As a crude experiment, I just tried running my Braun at maximum heat for 2 minutes, which I thought should be long enough to bring the temperature of the nozzle and grille to their max. I then switched it off and let it cool down for 1 minute (with ambient room temperature about 70 C.) At this point the external surface of the nozzle was still uncomfortably hot to the touch, so I did not risk touching the grille itself. After another 1 minute the external surface of the nozzle was merely warm, so I touched the grille with a finger knuckle, and then the more sensitive finger tip. At this point the grille was just warm, and not much hotter to the touch than the external surface of the nozzle. Certainly not hot enough to cause pain or injury to normal skin. If this is representative, a dryer would not cause burns if it has been switched off for more than a few minutes.
Incidentally, I think it would be very difficult to burn oneself with the hot grille, either deliberately or accidentally, while the dryer is 'on'. The blast of hot air (at least with my dryer) is strong enough to make it difficult to press the nozzle against the skin, and hot enough to make it very painful to try it.
 

Mick West

Administrator
Staff member
Plastics generally have higher heat capacities than metals. It's the cooling down rapidly that's the problem, and metals do that more - they're dumping energy into your skin more quickly.
Yeah, I was thinking more of metal as being a dense material with high thermal conductivity. But you and @DavidB66 are correct, they DO hold a lot of heat.

Heat Capacity by mass: (J/(Kg C)) https://www.engineeringtoolbox.com/specific-heat-solids-d_154.html
  • Plastic: 1.67
  • Steel 0.49
Density: Kg/m3. https://www.engineeringtoolbox.com/density-materials-d_1652.html
  • Plastic: ~700
  • Steel: ~2400

Heat Capacity by volume works out about the same, I think.
  • Pastic: 1.67*700 = 1169
  • Steel: 0.49*2400 = 1176
But of course, the volume of plastic will be greater than the volume of metal needed for a grill.

And most of the examples we see are of plastic grills.
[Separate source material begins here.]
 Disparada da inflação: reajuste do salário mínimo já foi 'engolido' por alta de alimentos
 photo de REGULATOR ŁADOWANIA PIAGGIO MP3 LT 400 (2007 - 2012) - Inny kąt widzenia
Probably safer, though, because of the much lower thermal conductivity.

https://www.engineeringtoolbox.com/thermal-conductivity-d_429.html
https://www.engineeringtoolbox.com/thermal-conductivity-metals-d_858.html
Theremal Conductivy W/(m K)
  • Plastic: 0.33 - 0.51 (Polyethylene)
  • Steel: 14 .3 (Stainless)
 

Granite

New Member
I’m a little disappointed that so much attention was given to the very obvious self inflicted burns by hair dryers, and not the fact that vallee has apparently ceded whatever credibility he had left over this. He uses transparently foolish logic, while trying to cater to a demographic of believers - why? What happened to him? I don’t remember him ever acting this Alex Jones-like.

I do remember his ufo conclusions decades ago approaching the correct source - the military - but never coming out and saying it. I felt he was likely a shill for the military due to that, but this Atlantean crap isn’t even trying. Is it something like dementia or is he simply showing his true colors finally?
 

deirdre

Senior Member.
@Mick West i forget where that database you were looking at is in this thread. are these mark receivers generally women?

i ask because every comment about pain and how people would notice, reminds me that women pluck and wax hairs off their upper lips*, rip their bikini area hair out with wax (i never tried that one myself), and birth babies.

*waxing the upper lip is way more painful then a curling iron burn. esp the tinyist hairs right up against your nostrils. you guys wnt to experience "ouch", try that one.